WHAT THE TASK REQUIRES
Give the listing again word for word, excluding the pictures it contains.

### WORKING DATA ###

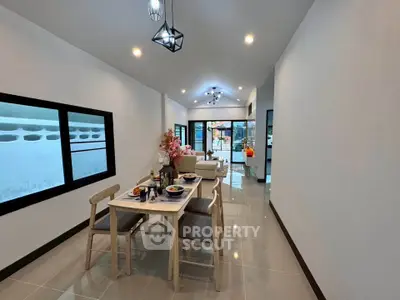 Modern open-plan living and dining area with elegant decor and ample natural light.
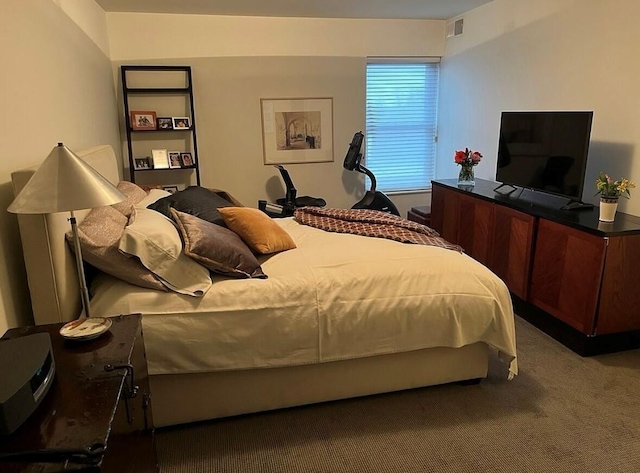carpeted bedroom featuring visible vents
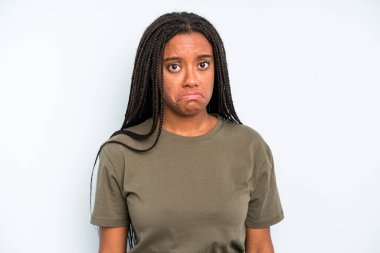 black young adult woman feeling sad and stressed, upset because of a bad surprise, with a negative, anxious look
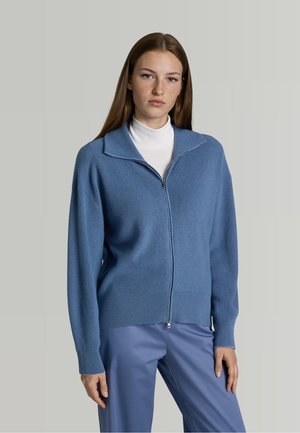 Vrouw met lang bruin haar die een blauwe vest met rits draagt over een wit topje en blauwe broek, staand tegen een effen lichtgrijze achtergrond.
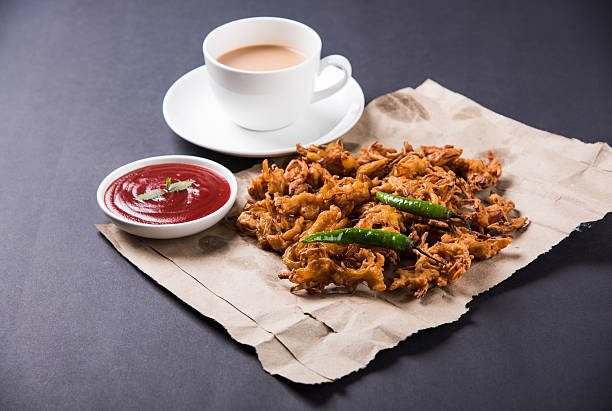istock onion bhaji or pakora served with tomato ketchup and tea 540844478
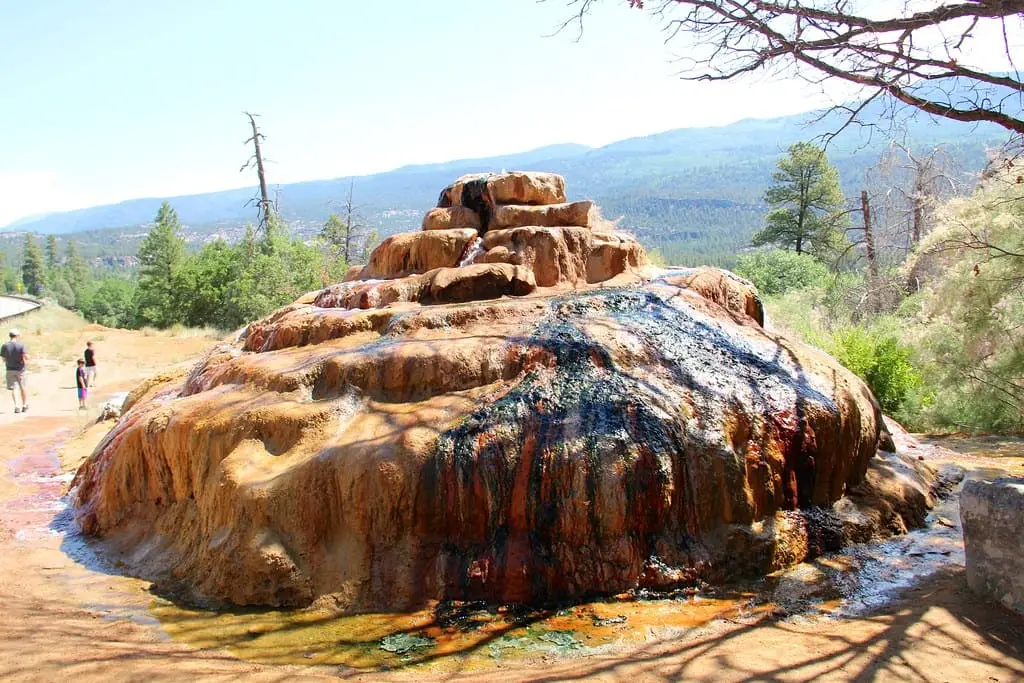 Rust colored travertine mound at Pinkerton Hot Springs with mineral water staining the rocks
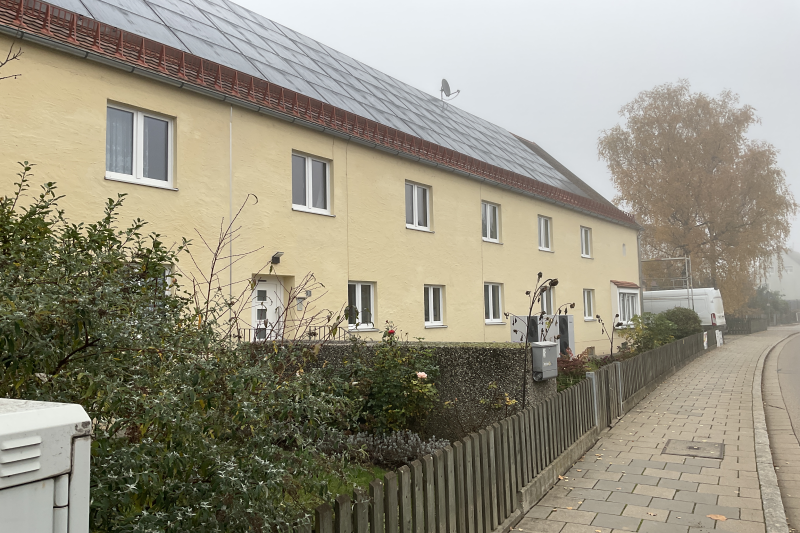 energetische Sanierung eines Mehrfamilienhauses Baujahr ca. 1920 in Regensburg, Stadtteil Burgweinting, Straßenansicht, Abbruch der vorhandenen Kamine, Erneuerung der Gasheizung durch eine Kaskaden-Luft-Wärmepumpe, Photovoltaik-Anlage zur Unterstützung der Heizung- und Stromversorgung des Hauses, Errichtung von Wallboxen für die Mietwohnungen, Dämmungsmaßnahmen der Geschoßdecken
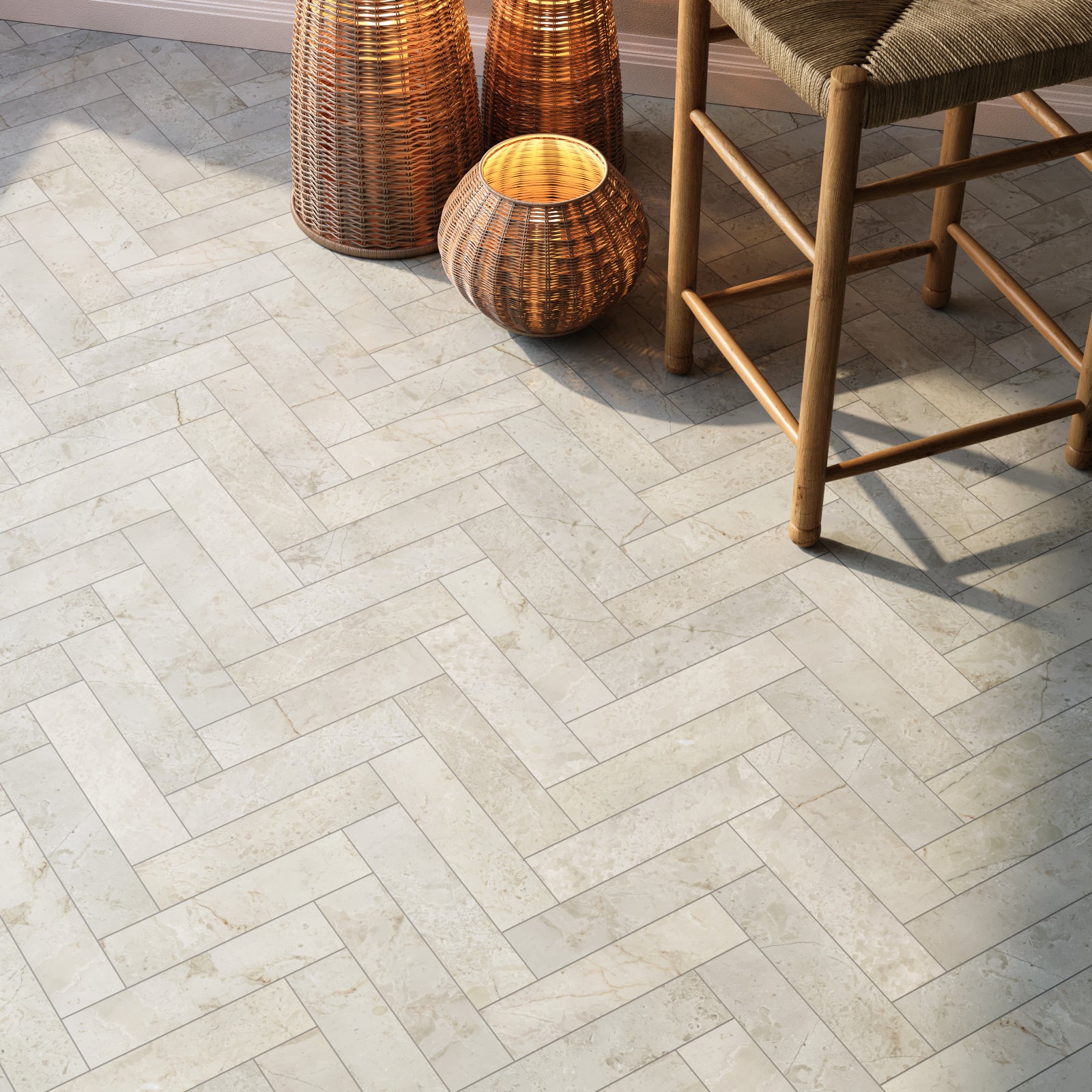 Natural beige marble herringbone floor tiles in a honed finish, showing soft veining, micro bevelled edges and classic parquet pattern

###

EXERCISE RESPONSE
 Modern open-plan living and dining area with elegant decor and ample natural light.
carpeted bedroom featuring visible vents
 black young adult woman feeling sad and stressed, upset because of a bad surprise, with a negative, anxious look
 Vrouw met lang bruin haar die een blauwe vest met rits draagt over een wit topje en blauwe broek, staand tegen een effen lichtgrijze achtergrond.
istock onion bhaji or pakora served with tomato ketchup and tea 540844478
 Rust colored travertine mound at Pinkerton Hot Springs with mineral water staining the rocks
 energetische Sanierung eines Mehrfamilienhauses Baujahr ca. 1920 in Regensburg, Stadtteil Burgweinting, Straßenansicht, Abbruch der vorhandenen Kamine, Erneuerung der Gasheizung durch eine Kaskaden-Luft-Wärmepumpe, Photovoltaik-Anlage zur Unterstützung der Heizung- und Stromversorgung des Hauses, Errichtung von Wallboxen für die Mietwohnungen, Dämmungsmaßnahmen der Geschoßdecken
 Natural beige marble herringbone floor tiles in a honed finish, showing soft veining, micro bevelled edges and classic parquet pattern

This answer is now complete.